Lisse rose from her couch. “So they’re coming for us. Where are they?”

She had spoken in the Imperium’s administrative tongue, not one of the mercenaries’ own languages. Nevertheless, a raven flew from one tapestry to join its fellows in the next. The vacant tapestry grayed, then displayed a new scene: a squad of six tanks caparisoned in Imperial blue and bronze, paced by two personnel carriers sheathed in metal mined from withered stars. They advanced upslope, pebbles skittering in their wake.

In the old days, the ghost had told her, no one would have advanced through a sacred maze by straight lines. But the ancient walls, curved and interlocking, were gone now. The ghost had drawn the old designs on her palm with its insubstantial fingers, and she had learned not to shudder at the untouch, had learned to thread the maze in her mind’s eye: one more map to the things she must not forget.

“I’d rather avoid fighting them,” Lisse said. She was looking at the command spindle’s controls. Standard Imperial layout, all of them—it did not occur to her to wonder why the kite had configured itself thus—but she found nothing for the weapons.

“People don’t bring tanks when they want to negotiate,” the ghost said dryly. “And they’ll have alerted their flyers for intercept. You have something they want badly.”

“Then why didn’t they guard it better?” she demanded.

Despite the tanks’ approach, the ghost fell silent. After a while, it said, “Perhaps they didn’t think anyone but a mercenary could fly a kite.”

“They might be right,” Lisse said darkly. She strapped herself into the commander’s seat, then pressed three fingers against the controls and traced the commands she had been taught as a cadet. The kite shuddered, as though caught in a hell-wind from the sky’s fissures. But it did not unfurl itself to fly.

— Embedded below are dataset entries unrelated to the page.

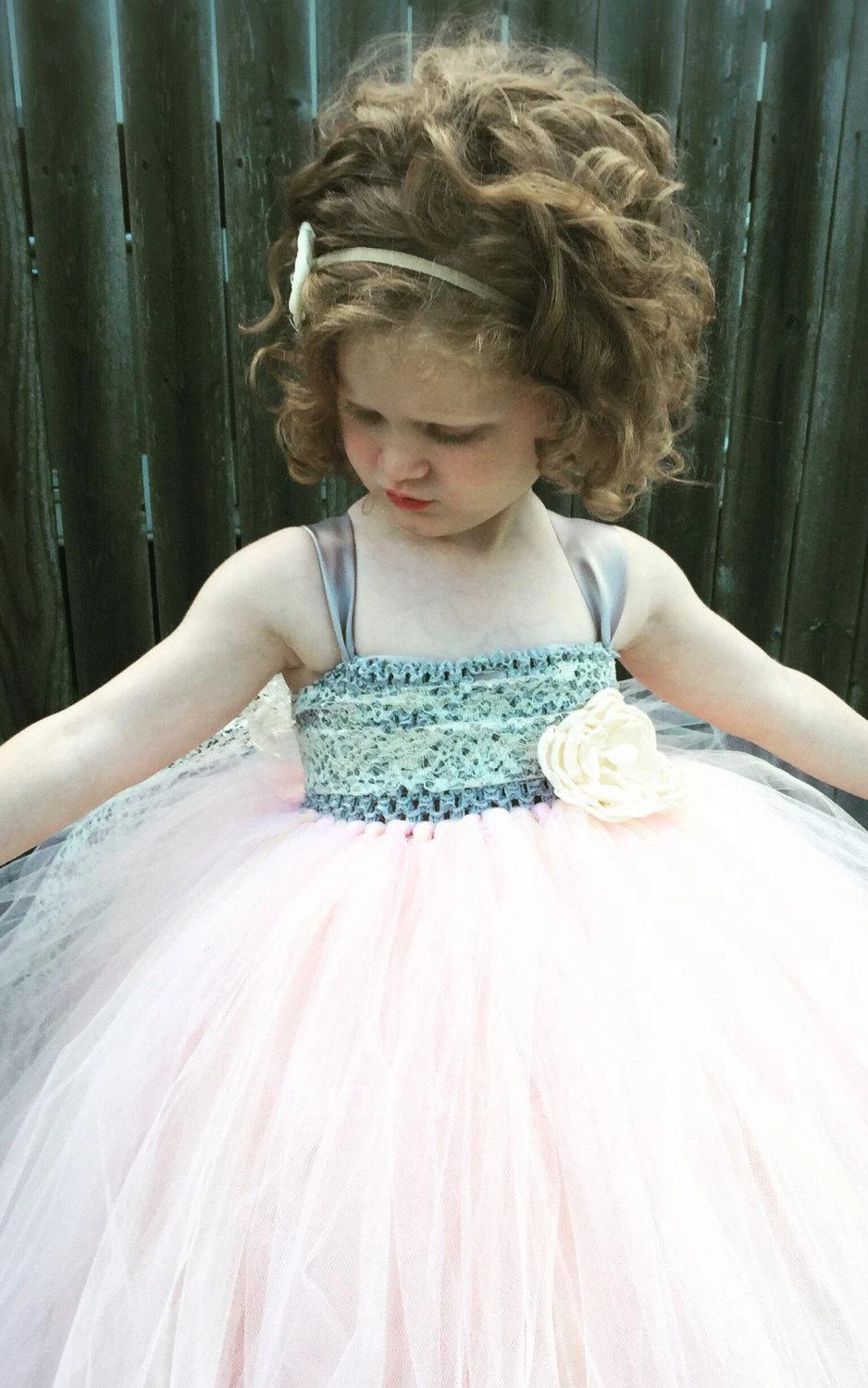 Strapped Pleated Tulle Ball Gown With Flower&Sash Ribbon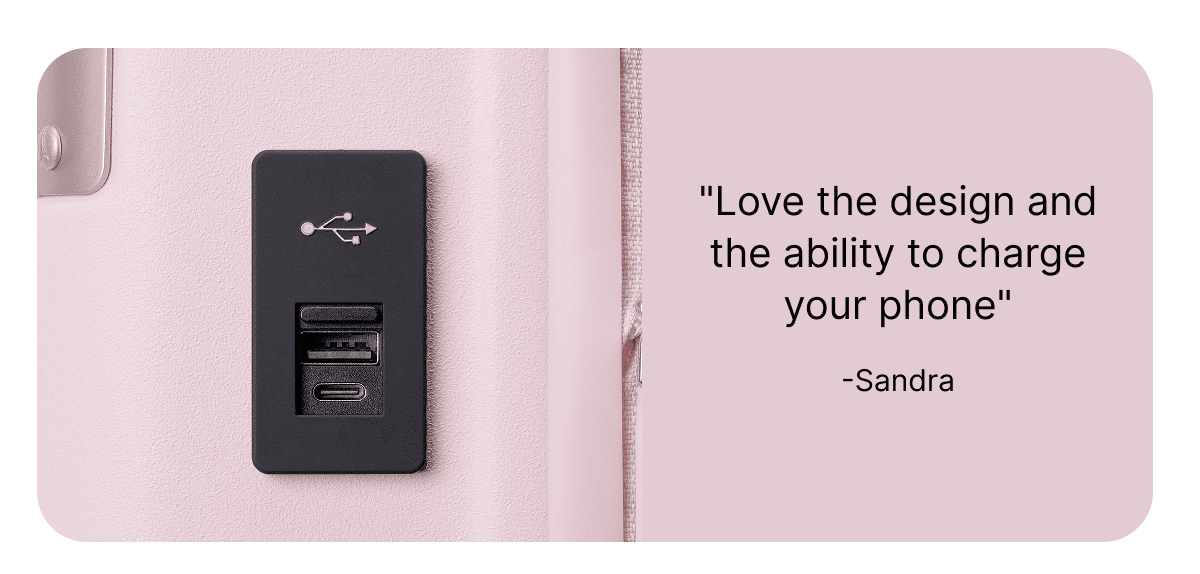 "Love the design and the ability to charge your phone" -Sandra | Shop the carry-on 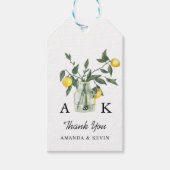 Summer Citrus Lemon Greenery Monogram Wedding Geschenkanhänger (Vorderseite)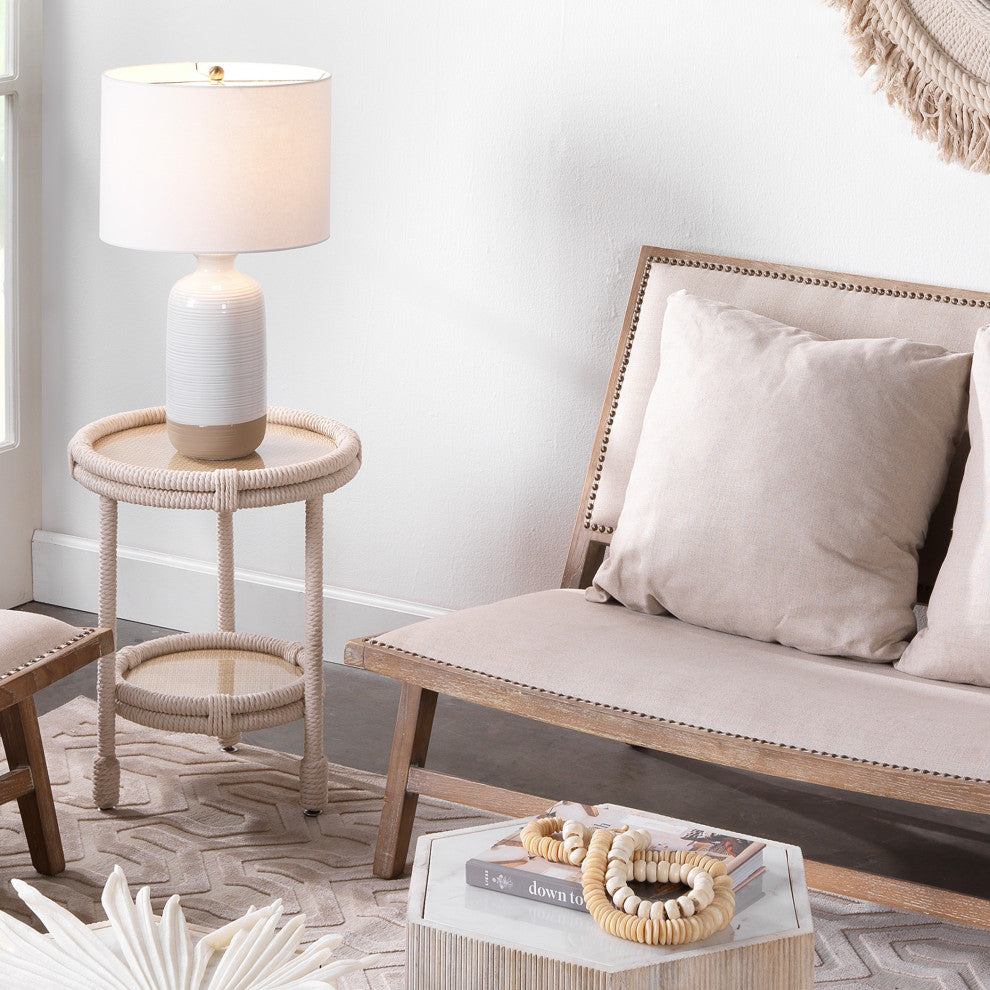 Delta Side Table, White Rope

She tried the command gestures again, forcing herself to slow down. A cold keening vibrated through the walls. The kite remained stubbornly landfast.

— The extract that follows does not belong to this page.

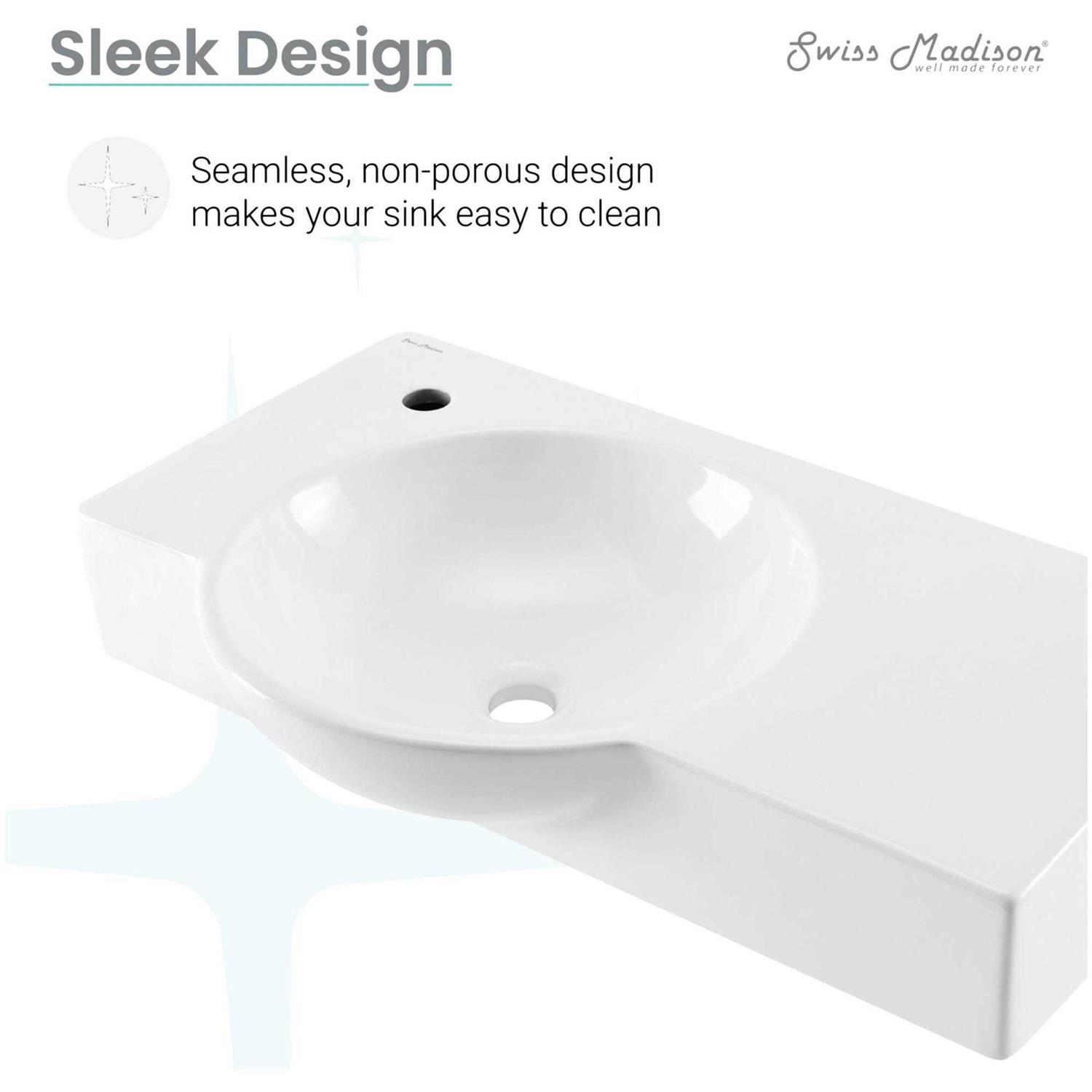 Swiss Madison Ceramic Vanity Top 24 with Three Faucet Holes - MT - Mrs Treak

The squad rounded the bend in the road. All the ravens had gathered in a single tapestry, decorating a half-leafed tree like dire jewels. The rest of the tapestries displayed the squad from different angles: two aerial views and four from the ground.

Lisse studied one of the aerial views and caught sight of two scuttling figures, lean angles and glittering eyes and a balancing tail in black metal. She stiffened. They had the shadows of hounds, all graceful hunting curves. Two jerengjen, true ones, unlike the lifeless shapes that she folded out of paper. The kite must have deployed them when it sensed the tanks’ approach.

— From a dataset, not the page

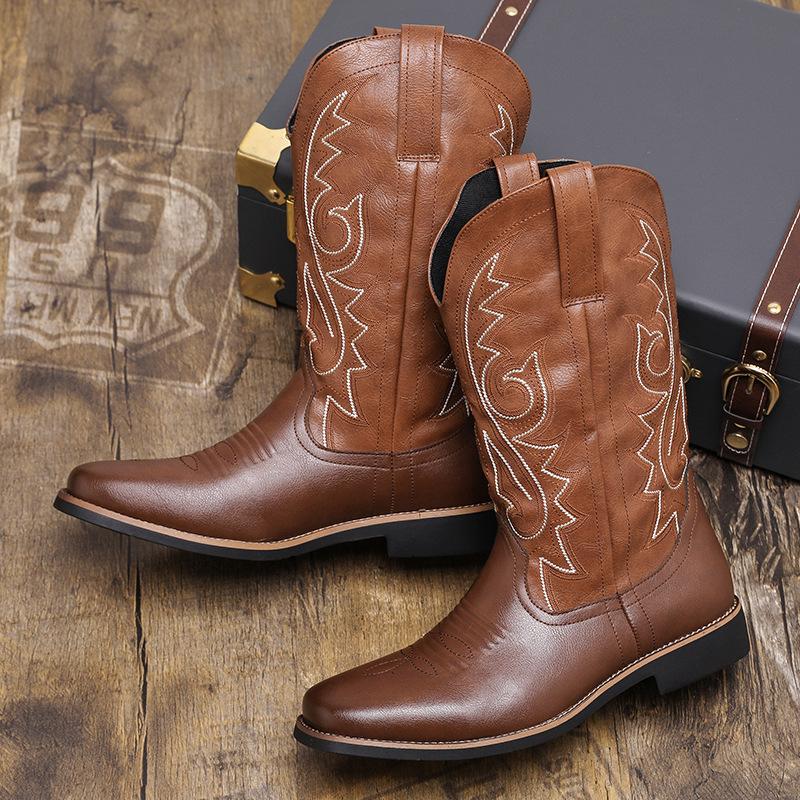 Cheap 22 Western Cowboy Boots Square Head High Top Vintage Martin Boots Embroidered Locomotive Boots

Sweating now, despite the autumn temperature inside, she methodically tried every command she had ever learned. The kite remained obdurate. The tapestries’ green threads faded until the ravens and their tree were bleak black splashes against a background of wintry gray.

It was a message. Perhaps a demand. But she did not understand.

The first two tanks slowed into view. Roses, blue with bronze hearts, were engraved to either side of the main guns. The lead tank’s roses flared briefly.